When asked by The Poly about the decisions regarding densification, Grand Marshal Advaith Narayan ’21 responded that with the increased risk due to sophomores returning and the spiking cases he “understands why [the policy for housing] off-campus is required to be the same” as it is known to work. However, he is conflicted because a “benefit to one cohort of students is made in the absence of a possible mutual benefit to another cohort.”

Greek houses will continue to stay closed for the Spring semester. In an email to The Poly, Interfraternity Council President Chris Vanderloo ’21 commented that this closure “will severely hurt chapters financially, who are struggling to keep up with fixed costs that can sometimes exceed $70k.”

He further added: “These Greek facilities will continue to go unused, while students will still need to find alternative arrangements in apartments, which is tolerated by the administration even while being set at a lower standard (and with much less oversight) than Greek life. The density standards being applied to all of Greek life isn't precise, either—many chapters have enough bathrooms to tolerate at least a few live-ins, at the same standard any other apartment is held to. So why every house has been asked to remain closed is beyond me.”

Jackson also announced that there will be no winter sports competitions, including both men's and women’s ice hockey. This information follows a statement released yesterday saying that men’s and women’s hockey will not compete during the 2020-21 academic year. Associate Vice President and Director of Athletics Dr.
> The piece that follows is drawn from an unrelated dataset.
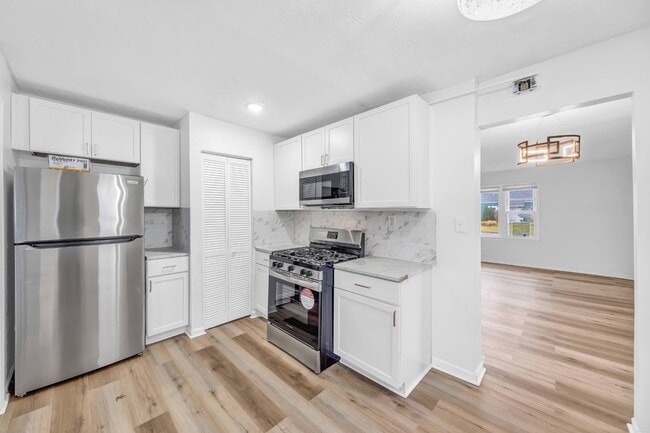 Building Photo - 27151 Farringdon Ave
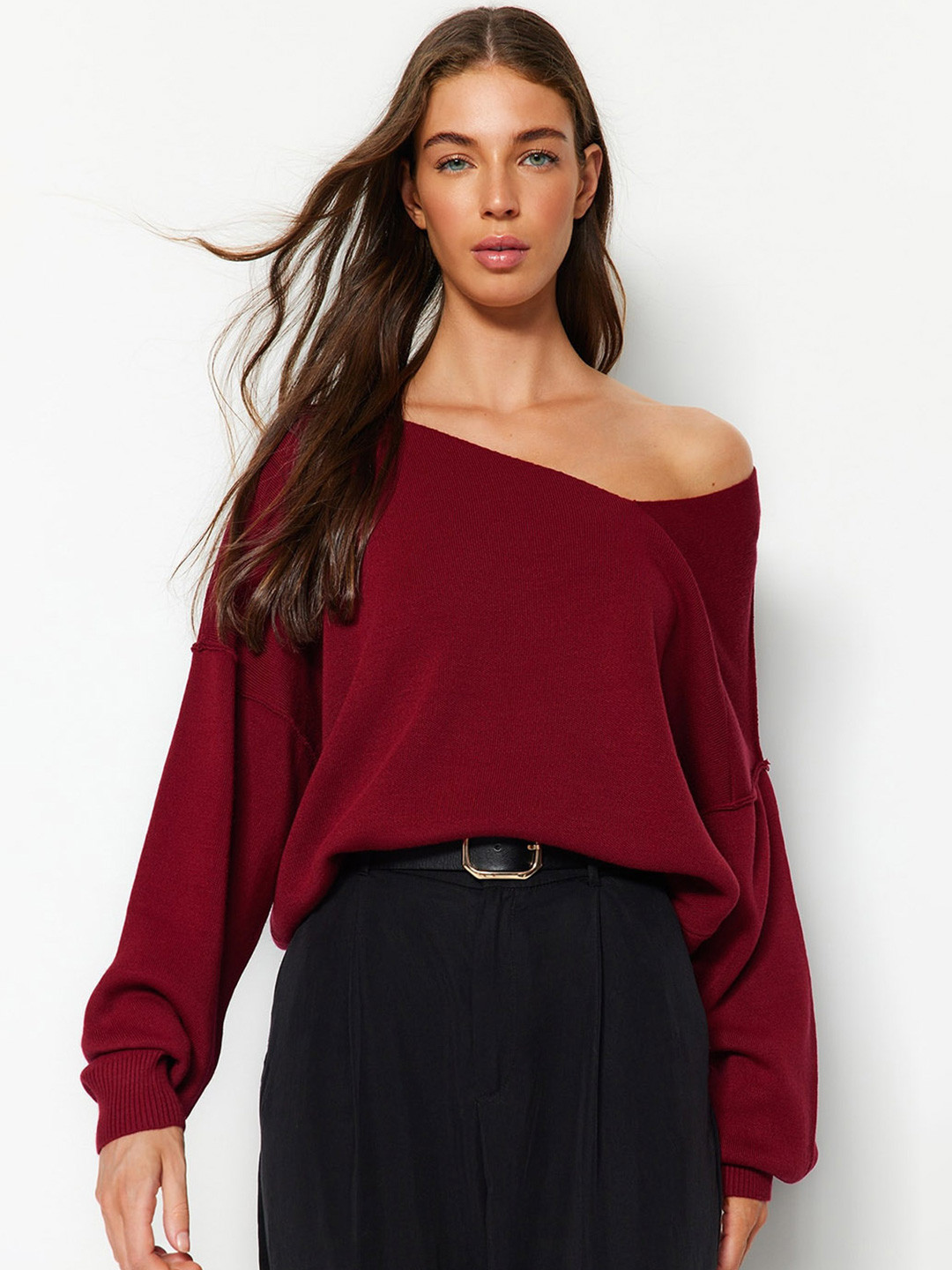 

Trendyol V-Neck Drop Shoulder Sleeves Pullover, Burgundy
Lee MeElroy said “It was a very difficult decision, and we share with our student-athletes and their families the disappointment and uncertainty that comes with this news.” The decision to cancel Division III sports comes after an announcement from the Liberty League on November 9 saying that the league voted to cancel winter sports competition. However, that decision did not prevent schools from engaging in other competitions within the D-III regulations. There was no information if spring sports will be allowed.